- Data for review
Content starts

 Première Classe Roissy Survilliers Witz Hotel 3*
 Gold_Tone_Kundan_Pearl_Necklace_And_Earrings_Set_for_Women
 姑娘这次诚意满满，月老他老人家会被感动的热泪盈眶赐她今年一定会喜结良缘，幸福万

Content ends
Content starts

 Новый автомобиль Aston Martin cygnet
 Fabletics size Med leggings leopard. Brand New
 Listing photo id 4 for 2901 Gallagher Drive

Content ends

- Work instruction
In the entries above, the lines from the one bearing "Première Classe Roissy" up to and including the one bearing "姑娘这次诚意满满，月老他老人家会被感动的热泪盈眶赐她今年一定会喜结良缘，幸福万" should be transcribed exactly; no other line is wanted.

- Exercise answer
 Première Classe Roissy Survilliers Witz Hotel 3*
 Gold_Tone_Kundan_Pearl_Necklace_And_Earrings_Set_for_Women
 姑娘这次诚意满满，月老他老人家会被感动的热泪盈眶赐她今年一定会喜结良缘，幸福万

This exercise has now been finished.